In other news —- right now I have two thoughts:

One is being thankful that even in the mess that is Brexit, I am wildly more informed and interested in it through the people I’ve met here.  Not saying I didn’t pay attention to current events in the states, but this was a big WHY of mine for being here on Remote Year – to continually gain perspectives and broaden my worldview.  And here ya go.  Pay attention folks, something that seemed ridiculious and irrational and impossible just happened.  And could happen again come November.

My second main thought at the moment? How I’m about to DEMOLISH this salad.

A Cinderella Traveler: Finding the Right Shoe

For the love of God, if I get back to the states and see another otherwise respectably dressed woman walk the streets of New York City wearing a fancy dress and bright white running sneakers, I may have to smack her.  There IS such a thing as comfortable flats people!

Proof #1: the fashionable women of Valencia

Proof #2: my current shoe wardrobe

The corporate version of Casey back in the states wears high heeled pumps, leopard print flats, gold glittery sandals, over the knee boots, green suede ballet flats, and more heels. Too snazzy for work, you say?  Never! is my reply.   (I am HR.  I make the rules.)  (Kidding.) (Not kidding.)

The version of Casey who lives out of a suitcase — the version of myself during Remote Year —  and the version I’m quite enjoying — has no such options.  One checked bag, weight limit 50 pounds.  One backpack, weight limit whatever I can physically lift and wear for hours at a time.  (Side note: I’m a baller in that backpack.)
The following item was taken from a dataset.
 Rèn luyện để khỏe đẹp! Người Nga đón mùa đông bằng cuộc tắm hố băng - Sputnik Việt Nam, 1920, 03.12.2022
A few things before we proceed.  I understand that some many men need no such variety in shoes, as many of my male colleagues have 2 pairs of shoes and that’s it.  I also understand that some women also have no such need for 7 pairs of shoes. But I do.  I’ve worn every pair so far and each has proven multi-purpose and comfortable.  I’ve prioritized footwear over packing other items because I’m on my feet all day and usually all night (hello parties til 5am.)   (Pro tip: Band Aid Blister Block.  Changed my life.)
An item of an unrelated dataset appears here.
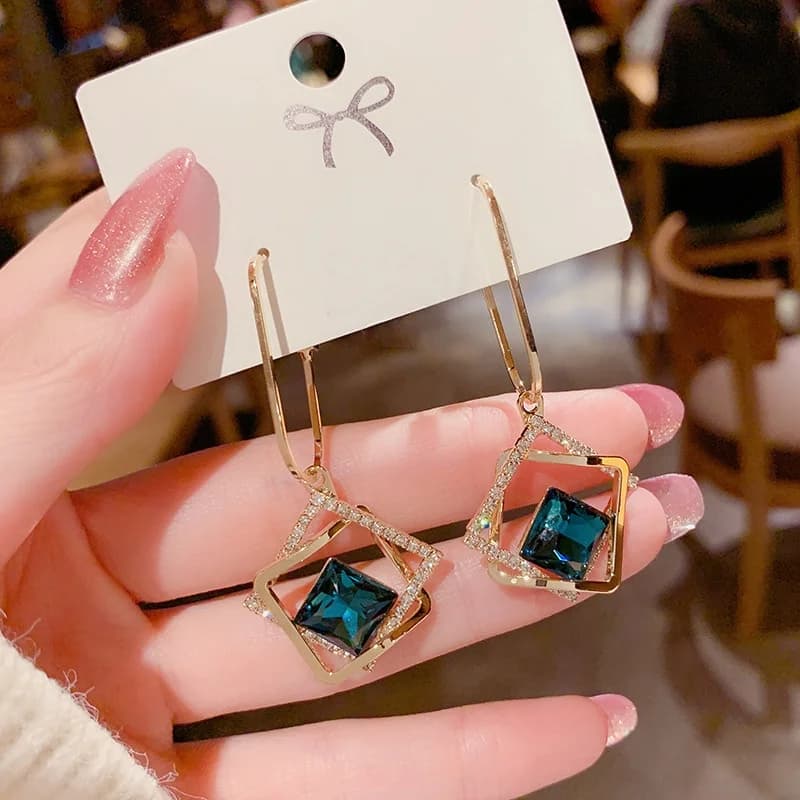 Double-layer diamond-set geometric square earrings, 2026 new style, exquisite and elegant, high-end ear accessories, fashionable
Shoe #1: Running Sneaks.  I toyed with the idea of trail running shoes that could double for hiking, but decided as I work out several days a week and may only hike a handful of times on this trip, and so my Nikes would do the job. And they are.

Shoe #2: Black Toms.  My comfy casual walk-all-over-the-city shoes.
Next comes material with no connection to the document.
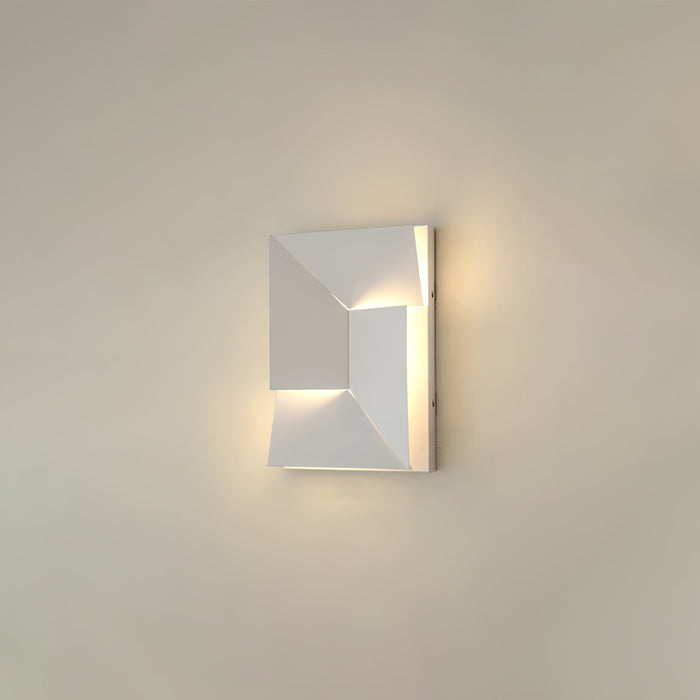 Shadows Grand Plug-in Sconce Vakkerlight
Shoe #3: Brown Sperrys. Comfy walk-all-over-the-city shoes that I think I can wear with a dress. Maybe. I’ll see if I can pull it off.

Shoe #4: Black Gladiator Sandals.  Admittedly these won’t last more than another month or two (a year old already) but I don’t mind replacing them. You can’t expect a girl to go a whole year without buying shoes, can you?

Shoe #5: Gold Sandals.  Dressier, match everything, leather and comfortable.

Shoe #6: Beach Flip Flops.  Not good for long periods of time but I can yuck em up pretty good at the beach or the hot springs or if I encounter a questionable shower situation.

Shoe #7: Nude Wedge Heel.  This was the challenge for me.  To bring a heel or not to bring a heel? Bring 2 heels?  I landed on a nude wedge with a 3 inch heel that I wore once and probably not again. These might go home.  No one is more shocked about this than me, but I need to be practical.  I wore the heels at a fancy welcome event where I could have easily worn my gold flat sandals.  I’ll probably pick up a strappy pair in South America for salsa dancing but til then, sayonara

Dear Mom and Dad

Dear Mom and Dad,

You might remember a phone call back in 2013 when I was living and working in NYC.  I think I recall eating a waffle off a food truck, walking to work on a Saturday absolutely in love with my life.  And I had called to tell you just that.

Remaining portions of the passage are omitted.